Pages

jeudi 10 avril 2014

Microfictions de Régis Jauffret



Microfictions est un recueil de nouvelles de 2007. Nouvelles d'une page et demie, deux pages grand maximum, classée par ordre alphabétique, de "Albert Londres" à "Zoo". C'est toujours écrit à la première personne, et cela prend des tranches de vie où tout est exacerbé. 


"Je est tout le monde et n'importe qui" annonce Régis Jauffret en 4e de couverture de son roman.


Mais qu'est-ce "Microfictions" ? 500 histoires "néo-réalistes", des fragments de vie de vraies gens regroupés en 1000 pages, des personnages tour à tour cruels, fascinants, attachants ou monstrueux et qui transpirent l'humanité et l'individualisme.

Mais "Microfictions" est avant tout la cartographie d'une société française désespérée, folle, hétéroclite et plurielle, une société qui sonne comme le miroir de nos propres tourments.

Extrait 1:



Extrait 2:

Assigné à résidence.

Je ne me considère pas comme quelqu'un de ridicule, même si je prête à rire.
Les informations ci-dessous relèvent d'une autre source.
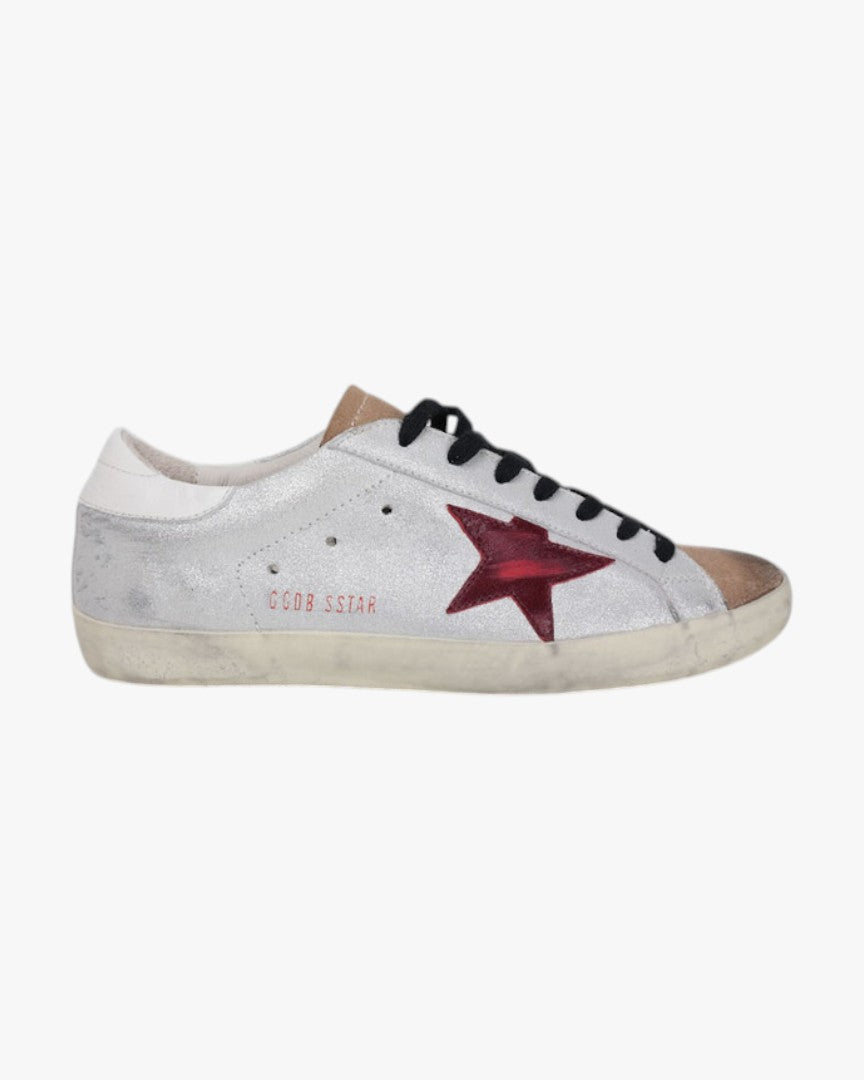 Golden Goose Silver Purple Handcrafted Custom Couple Sneakers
Je ne suis pas mon corps, ni les phrases qui sortent mal de ma bouche. Je ne suis pas même ma physiologie, avec son habitude de me faire loucher au moindre rayon de soleil, de me couvrir de pustules quand le cœur lui en dit, et de saupoudrer mes vêtements de pellicules malgré les traitements opiniâtres des dermatos.
Mon corps est pareil à une maison en mauvais état.
Aux murs lépreux, aux fenêtres capricieuses, dans laquelle j'aurais été assigné à résidence par une décision de justice m'interdisant d'y entreprendre les moindres travaux. Je vis à l'intérieur, subissant les trombes d'eau que le toit crevé déverse sur moi en me réveillant brutalement au milieu de la nuit, les morceaux de plâtre des plafonds qui s'écaillent, l'humidité, le froid, l'isolement.
Ma physiologie s'imagine sans doute qu'elle a pris le pouvoir.
Elle me considère comme une zone désespérée, soumise de surcroît aux vagues de la dépression dont elle me submerge à chaque changement de saison. Elle me pense écrasé dans le poing de son arrogance, comme un papillon qu'on vient d'attraper sans filet, et dont les ailes sont trop abîmées pour qu'il puisse espérer s'envoler.
En réalité, je n'ai jamais éprouvé un sentiment de solidarité avec mon corps.
Mon apparence m'est aussi étrangère qu'un poussin que je croiserais parmi des milliers d'autres si je passais mes vacances dans un poulailler. Ne croyez pas non plus que je me sente responsable de la totalité de ma pensée. La plupart du temps, elle est sécrétée par mon humeur, ou par les circonstances fortuites d'une réalité où je me trouve immergé par hasard. Il est rare que je me reconnaisse dans les sentiments qui pour exister utilisent ma conscience, dont la plupart du temps les portes restent ouvertes à deux battants comme pour abriter les plus démunis quand ils n'ont pas trouvé de refuge plus confortable où poser leur sac.
Avant même d'apparaitre au grand jour.
Mon amour est déboussolé, déjà usé, cabossé comme à la veille d'une rupture. Sa partie la plus vivante, est enracinée dans mes testicules dont je n'accepterai jamais de devenir l'otage. Il m'arrive pourtant d'avoir l'impression d'exister, d'être quelqu'un qui correspond tout à fait à l'idée que je me fais de qui je suis. Je me demande si vous l'avez jamais connu.
Au fil des phrases l'écrivain se dévide comme une pelote.